The HTC Desire is one of the most talked about and requested devices of the moment. A smartphone with a specification list that knocks others for six this has to be HTC’s first real consumer market share winning device.
Ever since HTC begun producing smartphones they have desired to be a big well respected brand and over their 10 years they have done well to develop to the stage that they have. A profitable company, once more focused on the business and power user they are now making a play for consumer space which is dominated by the likes of Samsung, LG and Nokia.
By no means is it their intention to suddenly steal market share off of these players, it just won’t happen. What is starting to happen though is that they are slowly making a name for themselves, a name that many are coming to respect and love for its innovation, quality and more. The HTC Desire is without doubt the best hardware to date that can challenge the iPhone and the smartphones that are being produced by Samsung, LG and Nokia. Slowly picking off customers from the other big manufacturers HTC’s Desire is something that the many want to own for reasons which will become apparent throughout.
Regular readers will know that I have always been and will to an extent be a fan of the physical keyboard on a smartphone. Nothing beats the tactile feel and the accuracy you can obtain from this. I have too always been a fan of Windows Mobile, I know it is dated and clunky, but it worked for me without problem and that is what you want of a device. My last device a HTC Snap has served me well but times are changing….

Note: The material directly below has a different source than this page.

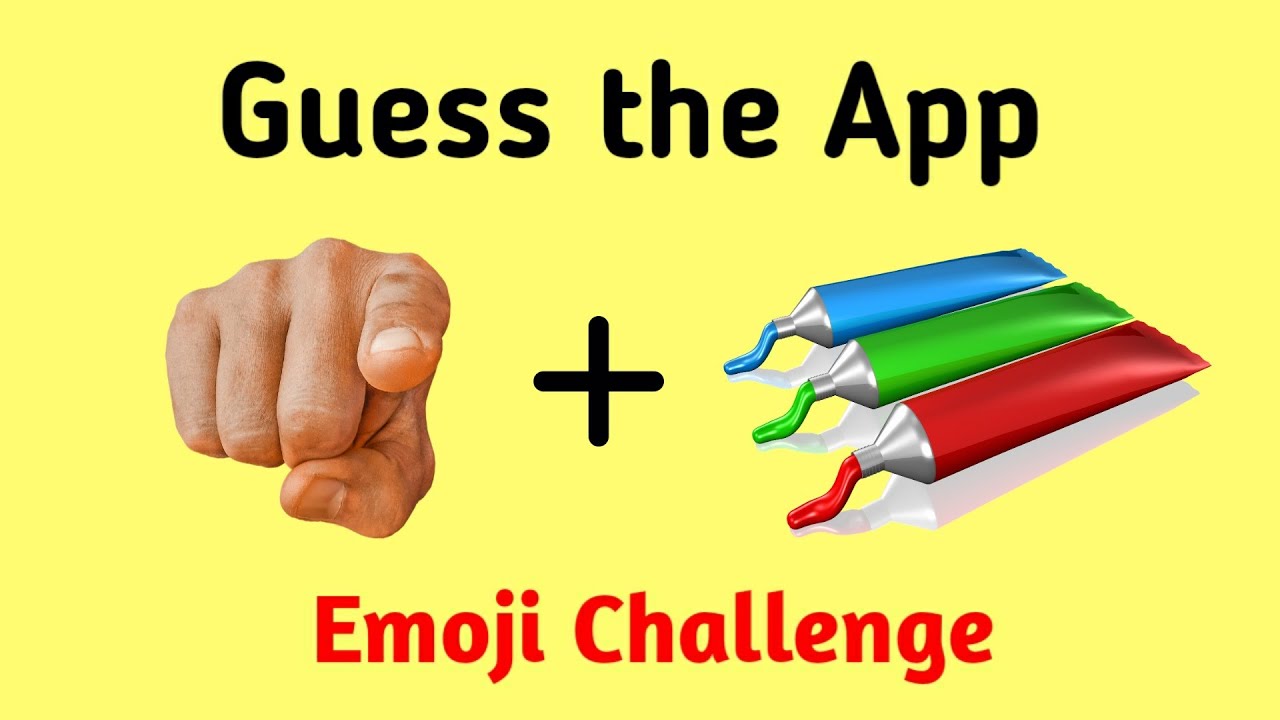 Can you guess the app? | Emoji Challenge |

I have been in contact with Android devices since the first HTC Dream (T-Mobile G1) hit the shelves in late 2008, as innovative as it was I was not enticed to use it on a daily basis. The hardware felt cheap in my opinion and nothing really compelled me. A year on, it is a very different story.

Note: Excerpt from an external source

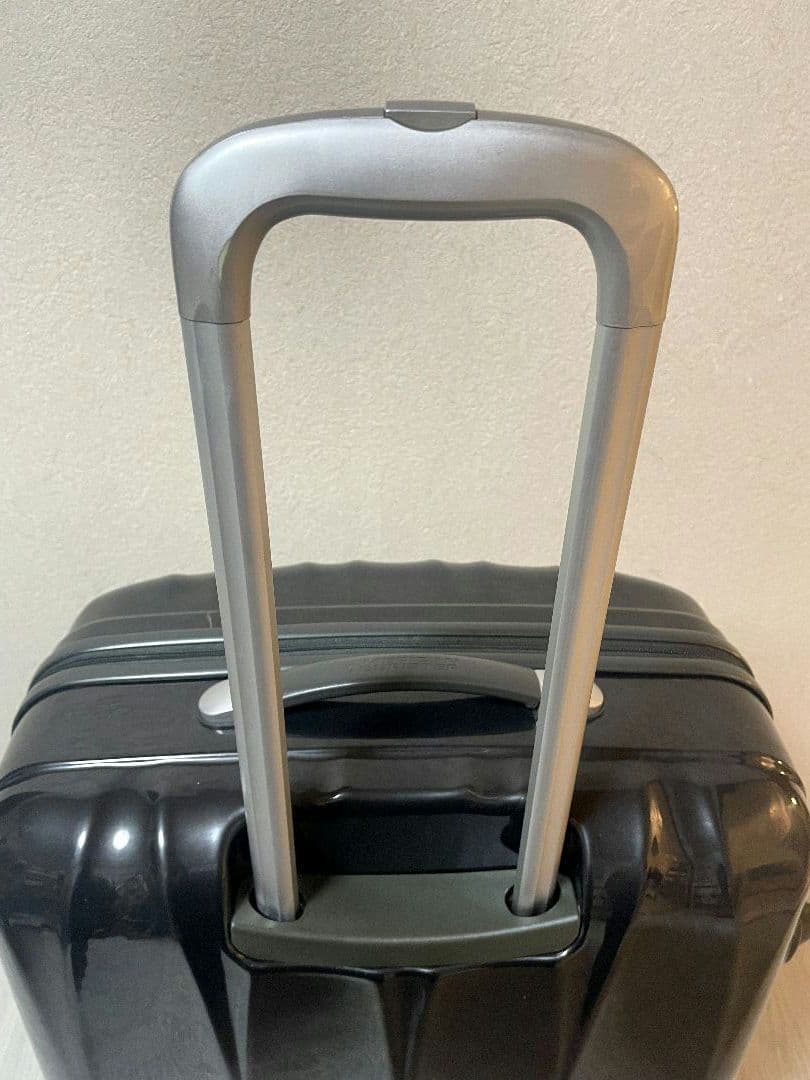 Samsonite Lサイズスーツケース マットネイビー 91L　8-9泊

This article is not intended to give a full run down of the Desire and why you should or should not own one, there are many of those on the web already. My intention here is to simply provide an honest and trustworthy explanation of my experience of moving from Windows Mobile to Google Android and why the HTC Desire has made that transition so simple.
Constantly developing technology makes it difficult sometime to decide what the best thing to do is but recently I took the plunge to store all my data online. No more syncing to a PC, all my personal contacts, calendar etc all stored in the ‘cloud’ no longer on my desktop. I know there are security risks but I am not a CEO of a billion $ corporation nor am I a spy for the MI5, so if anyone should want my data they clearly have little going for them in their life and really will be unimpressed and should this happen no-one will get hurt!

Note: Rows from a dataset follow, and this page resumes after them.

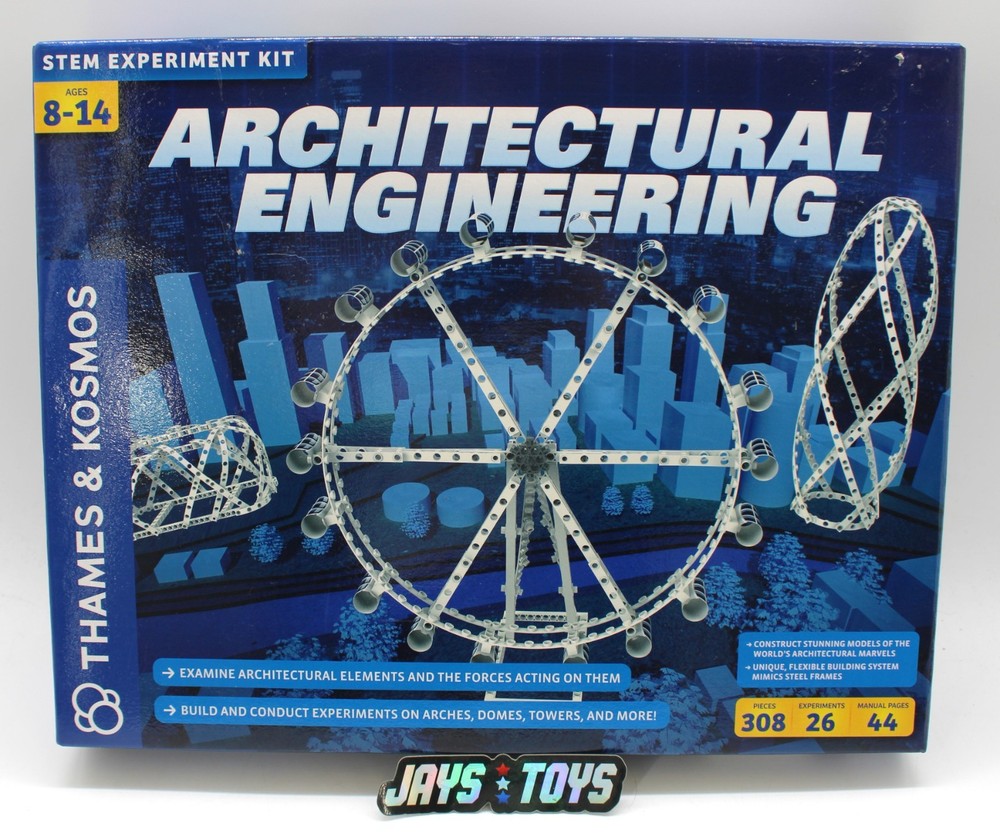Architectural Engineering Stem Experiment Kit Thames & Kosmos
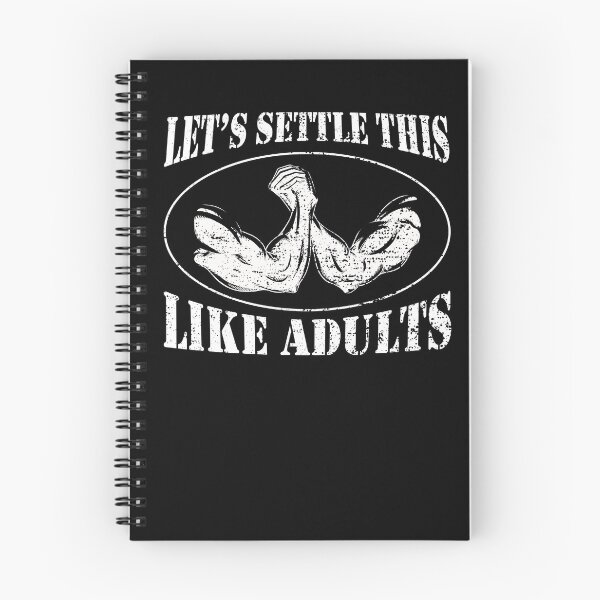 Item preview, Arm Wrestling Let's Settle This Like Adults Arm Wrestler designed and sold by Leslie Smith.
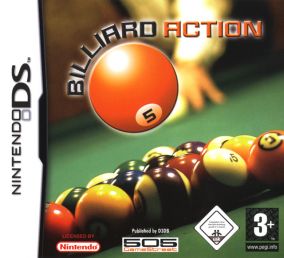 Immagine della copertina del gioco Billiard Action per Nintendo DS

Living a fairly busy lifestyle, in the last 9 months or so that I have been syncing wirelessly to the cloud I have had no issues nor regretted this move. In fact rarely do I sit at a PC and update contact and calendar information, it is all done from my phone, emails included. When I do, I just open a web browser, login and hey presto, wherever I am in the world my data is there. So I have a backup online, I also take regular backups to a memory card too, just to be safe.
It got to the point where more and more devices were using Google Android and whilst I understood it, it was about time that I finally gave it a road test personally. With the HTC Legend and Desire on the market, the buzz around the Desire meant this is the one I had to test.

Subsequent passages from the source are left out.